▶ [WORK TO BE COMPLETED]: Of all the lines in the entries below, give again exactly those starting at the line containing "Customer photo review" and ending at the line containing "Used Li Auto L9 2024 Ultra Model Driver Seat", both ends included, and no others.

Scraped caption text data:
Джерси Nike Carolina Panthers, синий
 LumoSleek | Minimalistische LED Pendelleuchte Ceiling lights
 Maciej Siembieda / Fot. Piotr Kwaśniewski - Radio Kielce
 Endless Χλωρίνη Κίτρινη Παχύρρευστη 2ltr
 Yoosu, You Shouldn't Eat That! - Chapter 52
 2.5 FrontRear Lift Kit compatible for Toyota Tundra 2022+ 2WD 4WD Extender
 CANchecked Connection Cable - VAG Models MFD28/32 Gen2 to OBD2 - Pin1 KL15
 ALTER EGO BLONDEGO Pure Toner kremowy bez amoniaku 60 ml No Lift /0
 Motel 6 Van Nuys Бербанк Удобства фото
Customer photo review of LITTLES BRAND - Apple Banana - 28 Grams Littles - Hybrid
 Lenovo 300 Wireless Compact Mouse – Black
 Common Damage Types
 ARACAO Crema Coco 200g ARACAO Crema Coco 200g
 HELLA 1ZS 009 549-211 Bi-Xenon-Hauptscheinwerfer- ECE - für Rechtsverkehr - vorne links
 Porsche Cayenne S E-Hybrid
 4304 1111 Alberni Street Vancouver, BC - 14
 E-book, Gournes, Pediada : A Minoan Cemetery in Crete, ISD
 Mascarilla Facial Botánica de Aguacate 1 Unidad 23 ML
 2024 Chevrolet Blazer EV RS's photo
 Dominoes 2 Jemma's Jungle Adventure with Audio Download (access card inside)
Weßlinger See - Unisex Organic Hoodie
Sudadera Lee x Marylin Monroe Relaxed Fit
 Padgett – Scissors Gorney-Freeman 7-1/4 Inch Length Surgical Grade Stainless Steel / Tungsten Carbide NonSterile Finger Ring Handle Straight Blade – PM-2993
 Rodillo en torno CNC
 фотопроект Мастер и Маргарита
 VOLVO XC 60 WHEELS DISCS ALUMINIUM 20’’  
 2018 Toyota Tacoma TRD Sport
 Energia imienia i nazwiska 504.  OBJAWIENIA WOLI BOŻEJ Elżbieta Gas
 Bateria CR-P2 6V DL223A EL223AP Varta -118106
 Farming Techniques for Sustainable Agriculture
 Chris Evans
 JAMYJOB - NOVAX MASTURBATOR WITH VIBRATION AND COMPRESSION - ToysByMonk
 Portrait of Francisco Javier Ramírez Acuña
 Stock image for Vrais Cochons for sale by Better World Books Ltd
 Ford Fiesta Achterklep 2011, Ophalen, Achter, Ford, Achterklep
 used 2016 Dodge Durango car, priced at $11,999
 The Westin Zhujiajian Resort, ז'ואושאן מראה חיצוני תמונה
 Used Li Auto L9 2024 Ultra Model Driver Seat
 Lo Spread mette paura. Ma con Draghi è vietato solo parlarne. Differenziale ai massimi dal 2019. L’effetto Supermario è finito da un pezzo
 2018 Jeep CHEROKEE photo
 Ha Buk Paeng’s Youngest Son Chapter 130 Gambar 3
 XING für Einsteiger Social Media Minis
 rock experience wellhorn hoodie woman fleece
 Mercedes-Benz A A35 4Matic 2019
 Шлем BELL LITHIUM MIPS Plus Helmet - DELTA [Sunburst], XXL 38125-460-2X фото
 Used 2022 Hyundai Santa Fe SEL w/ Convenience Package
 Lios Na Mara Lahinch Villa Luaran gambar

▶ [EXPECTED OUTPUT]:
Customer photo review of LITTLES BRAND - Apple Banana - 28 Grams Littles - Hybrid
 Lenovo 300 Wireless Compact Mouse – Black
 Common Damage Types
 ARACAO Crema Coco 200g ARACAO Crema Coco 200g
 HELLA 1ZS 009 549-211 Bi-Xenon-Hauptscheinwerfer- ECE - für Rechtsverkehr - vorne links
 Porsche Cayenne S E-Hybrid
 4304 1111 Alberni Street Vancouver, BC - 14
 E-book, Gournes, Pediada : A Minoan Cemetery in Crete, ISD
 Mascarilla Facial Botánica de Aguacate 1 Unidad 23 ML
 2024 Chevrolet Blazer EV RS's photo
 Dominoes 2 Jemma's Jungle Adventure with Audio Download (access card inside)
Weßlinger See - Unisex Organic Hoodie
Sudadera Lee x Marylin Monroe Relaxed Fit
 Padgett – Scissors Gorney-Freeman 7-1/4 Inch Length Surgical Grade Stainless Steel / Tungsten Carbide NonSterile Finger Ring Handle Straight Blade – PM-2993
 Rodillo en torno CNC
 фотопроект Мастер и Маргарита
 VOLVO XC 60 WHEELS DISCS ALUMINIUM 20’’  
 2018 Toyota Tacoma TRD Sport
 Energia imienia i nazwiska 504.  OBJAWIENIA WOLI BOŻEJ Elżbieta Gas
 Bateria CR-P2 6V DL223A EL223AP Varta -118106
 Farming Techniques for Sustainable Agriculture
 Chris Evans
 JAMYJOB - NOVAX MASTURBATOR WITH VIBRATION AND COMPRESSION - ToysByMonk
 Portrait of Francisco Javier Ramírez Acuña
 Stock image for Vrais Cochons for sale by Better World Books Ltd
 Ford Fiesta Achterklep 2011, Ophalen, Achter, Ford, Achterklep
 used 2016 Dodge Durango car, priced at $11,999
 The Westin Zhujiajian Resort, ז'ואושאן מראה חיצוני תמונה
 Used Li Auto L9 2024 Ultra Model Driver Seat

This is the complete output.